# Task to carry out:
Each entry below is to be transcribed exactly; pictures are not copied.

*** Records supplied Section Begins ***

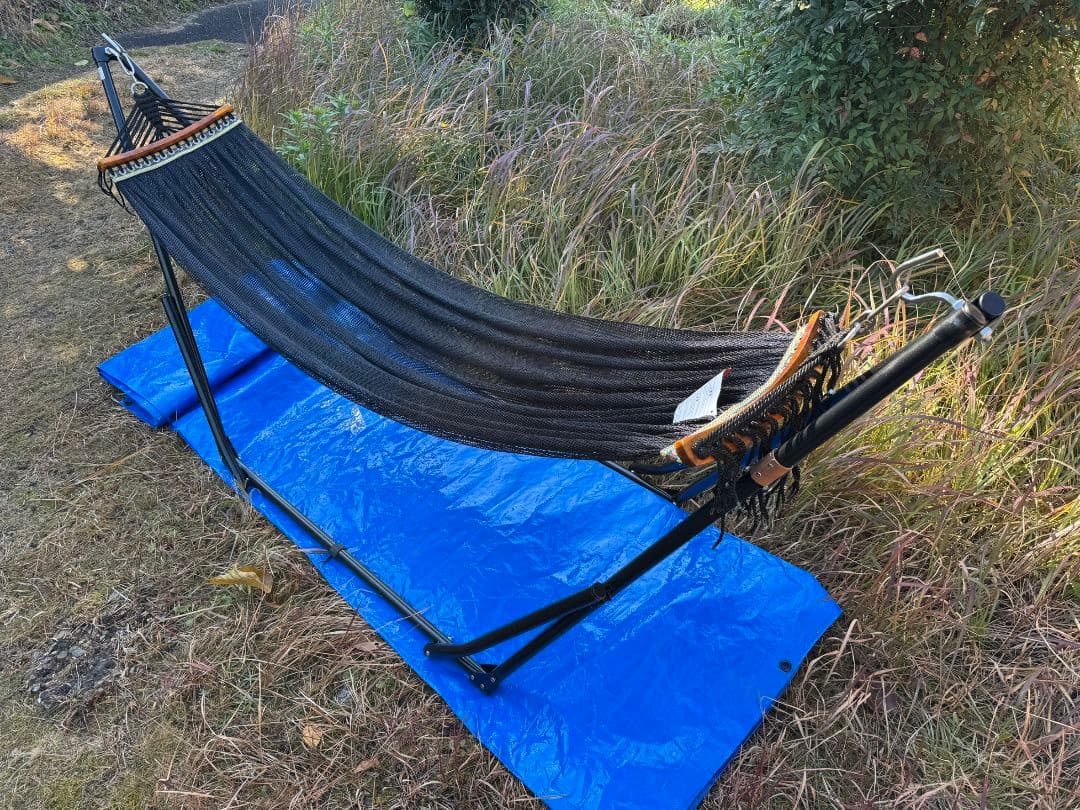 黒 ナイロン ハンモック スタンド付き 約270cm x 100cm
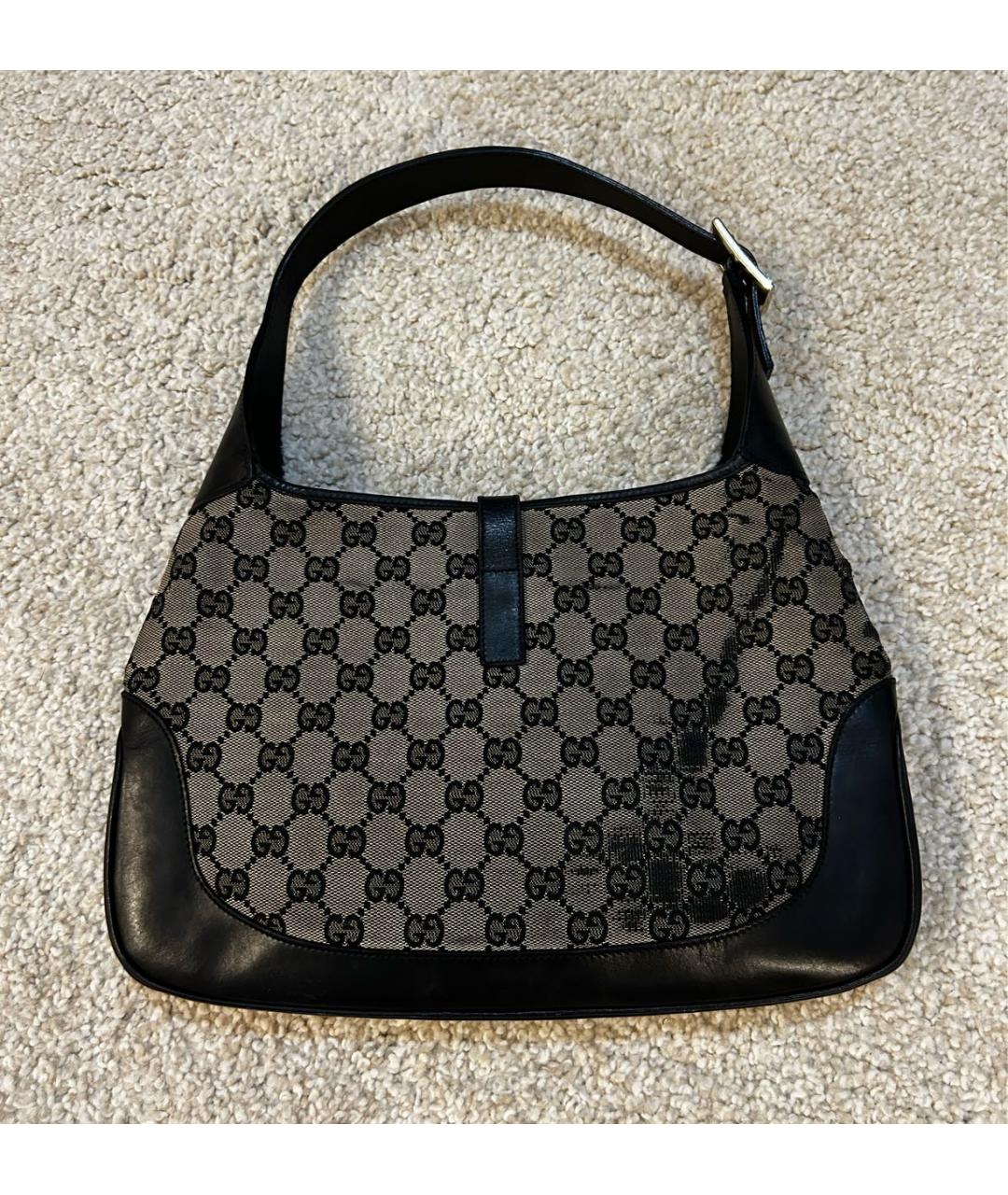 GUCCI Бежевая тканевая сумка с короткими ручками, фото 3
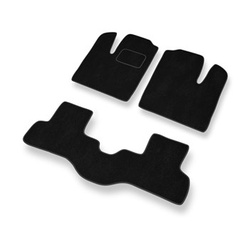 Tapetes de veludo para carros Fiat Doblo I Van (2000-2011) - Tapetes para carros preta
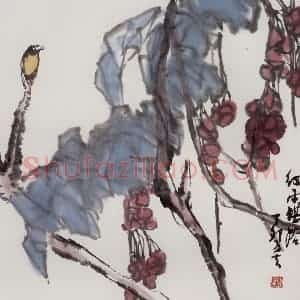 1987年 隋易夫《细雨堪浴》国画花鸟作品图片赏析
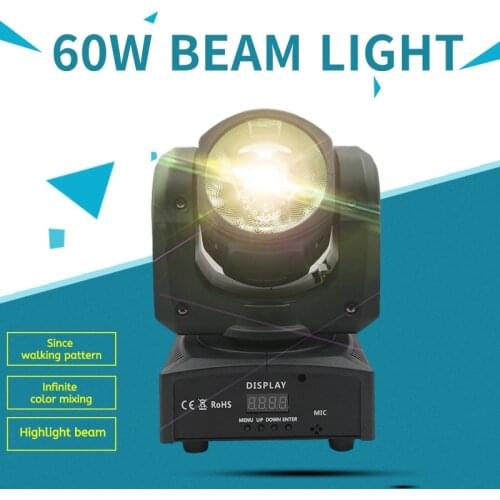 New 60W LED RGBW 4 in 1 Beam Moving Head Beam Super Bright Control LED DJ Spotlight DMX Control Light For Disco Party Club Dance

*** Records supplied Section Ends ***

# Task solution:
 黒 ナイロン ハンモック スタンド付き 約270cm x 100cm
 GUCCI Бежевая тканевая сумка с короткими ручками, фото 3
 Tapetes de veludo para carros Fiat Doblo I Van (2000-2011) - Tapetes para carros preta
 1987年 隋易夫《细雨堪浴》国画花鸟作品图片赏析
 New 60W LED RGBW 4 in 1 Beam Moving Head Beam Super Bright Control LED DJ Spotlight DMX Control Light For Disco Party Club Dance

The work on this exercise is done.